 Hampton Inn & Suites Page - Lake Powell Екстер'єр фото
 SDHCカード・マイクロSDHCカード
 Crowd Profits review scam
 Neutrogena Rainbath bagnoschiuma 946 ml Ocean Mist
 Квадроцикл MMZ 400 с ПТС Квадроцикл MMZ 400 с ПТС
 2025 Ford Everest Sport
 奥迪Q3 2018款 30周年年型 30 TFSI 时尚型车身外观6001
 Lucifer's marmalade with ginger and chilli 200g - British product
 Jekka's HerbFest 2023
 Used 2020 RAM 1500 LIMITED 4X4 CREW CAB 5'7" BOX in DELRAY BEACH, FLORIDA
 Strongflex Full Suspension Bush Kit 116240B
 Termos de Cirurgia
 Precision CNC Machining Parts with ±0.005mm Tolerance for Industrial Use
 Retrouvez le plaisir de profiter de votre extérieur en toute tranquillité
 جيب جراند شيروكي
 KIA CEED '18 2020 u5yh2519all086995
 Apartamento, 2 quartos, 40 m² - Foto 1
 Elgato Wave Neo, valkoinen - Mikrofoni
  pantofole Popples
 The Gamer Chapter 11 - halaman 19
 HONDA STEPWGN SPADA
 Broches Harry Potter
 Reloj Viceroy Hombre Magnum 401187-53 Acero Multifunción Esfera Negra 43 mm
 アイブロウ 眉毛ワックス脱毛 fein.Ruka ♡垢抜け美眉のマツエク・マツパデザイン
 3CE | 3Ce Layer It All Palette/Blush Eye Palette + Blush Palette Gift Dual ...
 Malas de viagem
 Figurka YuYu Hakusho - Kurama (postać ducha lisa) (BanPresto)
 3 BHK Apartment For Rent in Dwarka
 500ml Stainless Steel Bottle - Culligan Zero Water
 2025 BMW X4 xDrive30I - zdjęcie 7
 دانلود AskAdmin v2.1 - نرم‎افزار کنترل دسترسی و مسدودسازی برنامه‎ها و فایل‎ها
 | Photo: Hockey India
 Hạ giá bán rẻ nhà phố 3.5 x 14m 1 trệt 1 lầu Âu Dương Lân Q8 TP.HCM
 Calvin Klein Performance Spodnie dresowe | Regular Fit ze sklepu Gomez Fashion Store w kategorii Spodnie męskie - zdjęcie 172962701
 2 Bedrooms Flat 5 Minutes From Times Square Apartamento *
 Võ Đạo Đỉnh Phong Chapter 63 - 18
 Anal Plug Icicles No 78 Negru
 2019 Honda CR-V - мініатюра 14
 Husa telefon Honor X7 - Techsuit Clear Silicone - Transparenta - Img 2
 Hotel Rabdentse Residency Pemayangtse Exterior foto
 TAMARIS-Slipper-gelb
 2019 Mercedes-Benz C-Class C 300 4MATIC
--- --- ---
- **Problem**: Copy the lines above exactly. Start with the line containing "2025 BMW X4 xDrive30I - zdjęcie 7", end with the line containing "TAMARIS-Slipper-gelb", and include both.

- **The answer**:
 2025 BMW X4 xDrive30I - zdjęcie 7
 دانلود AskAdmin v2.1 - نرم‎افزار کنترل دسترسی و مسدودسازی برنامه‎ها و فایل‎ها
 | Photo: Hockey India
 Hạ giá bán rẻ nhà phố 3.5 x 14m 1 trệt 1 lầu Âu Dương Lân Q8 TP.HCM
 Calvin Klein Performance Spodnie dresowe | Regular Fit ze sklepu Gomez Fashion Store w kategorii Spodnie męskie - zdjęcie 172962701
 2 Bedrooms Flat 5 Minutes From Times Square Apartamento *
 Võ Đạo Đỉnh Phong Chapter 63 - 18
 Anal Plug Icicles No 78 Negru
 2019 Honda CR-V - мініатюра 14
 Husa telefon Honor X7 - Techsuit Clear Silicone - Transparenta - Img 2
 Hotel Rabdentse Residency Pemayangtse Exterior foto
 TAMARIS-Slipper-gelb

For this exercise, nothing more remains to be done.